Mais depuis le match de la Roumanie, les choses ont évolué au sein du groupe France. Par l’entremise de Thierry Henry, les joueurs ont pris la main. La discussion initiée à la veille de la rencontre face aux Roumains a porté ses fruits. L’abcès entre les joueurs et le sélectionneur a été crevé. Et les prestations en nets progrès des Bleus poussent à l’optimisme avant d’aborder l’écueil irlandais. Faire revenir Patrick Vieira n’aurait-il pas déstabilisé le fragile équilibre qui s’est établi ? Son retour n’aurait-il pas freiné la dynamique qui anime les Bleus ? C’est le raisonnement suivi par Raymond Domenech qui sacrifie alors son capitaine. Il « manque de matches », sa condition physique est un peu « courte »…
Les prétextes ne manquent pas. Mais Raymond Domenech s’est surtout souvenu du cauchemar de l’Euro 2008. Patrick Vieira se blesse à la cuisse, le 30 mai, à la veille du match de préparation France-Paraguay (0-0). Mais le sélectionneur décide de l’emmener alors qu’il sait que son capitaine ne pourra être compétitif qu’à partir des demi-finales. Selon nos informations, le sélectionneur a peur des conséquences d’une mise à l’écart brutale de Vieira. Il considère que le joueur fera plus de mal à l’extérieur qu’à l’intérieur du groupe. Et il va pour la première fois à l’encontre d’un sacrosaint principe en équipe de France : un blessé est un facteur potentiel de discorde au sein d’un groupe.
Pour donner le change, le sélectionneur vantera les mérites d’un Vieira, taulier du vestiaire et exemple à suivre, même blessé. Domenech n’y croit pas une seconde. En janvier 2005, trois mois seulement après avoir confié le brassard de capitaine à Vieira, il convoquera son staff. Objet de la réunion : comment choisir un nouveau capitaine sans se déjuger. Le retour de Zidane à l’été 2005 lui enlèvera cette épine du pied. Mais à l’Euro 2008, Zizou n’est plus là. Et Vieira est un poids mort qu’une équipe de France à bout de souffle n’a plus le luxe de pouvoir traîner.
A l’Euro 2008, il a eu peur de son capitaine
D’autant que le sélectionneur n’a jamais cru à un retour sur les terrains. D’ailleurs, la situation se tend. Le Milanais mobilise à lui seul un kinésithérapeute sur quatre. Domenech comprend que son joueur est prêt à tout pour jouer. Lors des séances, Vieira cache-t-il l’étendue de sa blessure ? En tout cas, Domenech l’épingle en lui reprochant clairement de dissimuler sa gêne aux entraînements.

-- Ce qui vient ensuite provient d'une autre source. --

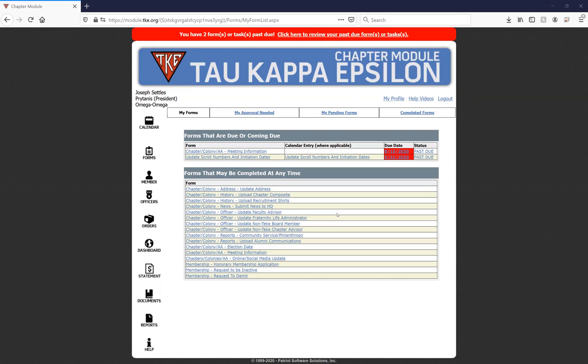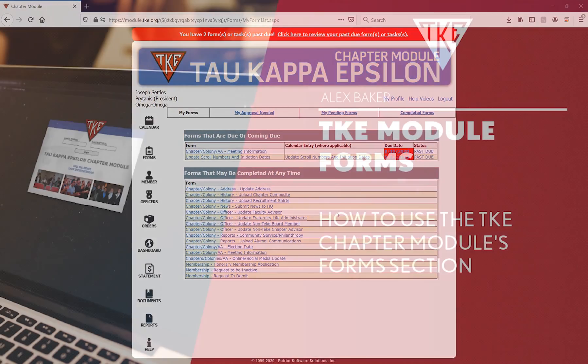If you have any questions, please feel free to email us at support@tke.org.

C’est dans cette atmosphère viciée qu’intervient l’épisode de l’Actovegin. Cette substance qui est du sang de veau déprotéiné capable selon ses partisans de fluidifier les hématomes a été suggérée par le joueur du Bayern Munich Willy Sagnol. En Allemagne, l’Actovegin est autorisé, mais il est interdit en France. A l’unanimité, le staff tricolore rejette l’idée de l’utiliser. Vieira accepte la décision jusqu’au jour où il apprend qu’il ne disputera pas France- Italie (0-2), le 17 juin, dernière rencontre de la phase de groupe.
A la veille du match, au traditionnel point presse, Vieira flingue le staff médical : « J’ai plein de questions et je n’ai pas de réponses. Je ne sais pas où j’en suis et ça me donne encore plus les boules. (…) Il y a eu des incohérences sur ma blessure et sur les soins qui ont été faits. » Dans la foulée, la France est éliminée piteusement à l’issue de la première phase. Le docteur Paclet, patron du staff médical, est sacrifié. Domenech, lui, sauve sa tête. Le psychodrame forcément a laissé des traces…

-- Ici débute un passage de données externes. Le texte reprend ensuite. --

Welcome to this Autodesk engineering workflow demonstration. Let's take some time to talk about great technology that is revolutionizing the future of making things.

Aujourd’hui, à l’heure où Abou Diaby a déclaré forfait. Il n’est toujours pas question d’un retour de Patrick le Long. « Je ne veux irriter personne et ce n’est pas pour enlever du crédit à Toulalan ou à Lassana, glisse le joueur dans les colonnes du JDD. Quand on voit leurs dernières prestations, il n’y a rien à redire. Mais j’apporterais peut-être quelque chose de différent. » Ce n’est visiblement pas ce qui fera changer d’avis Raymond Domenech…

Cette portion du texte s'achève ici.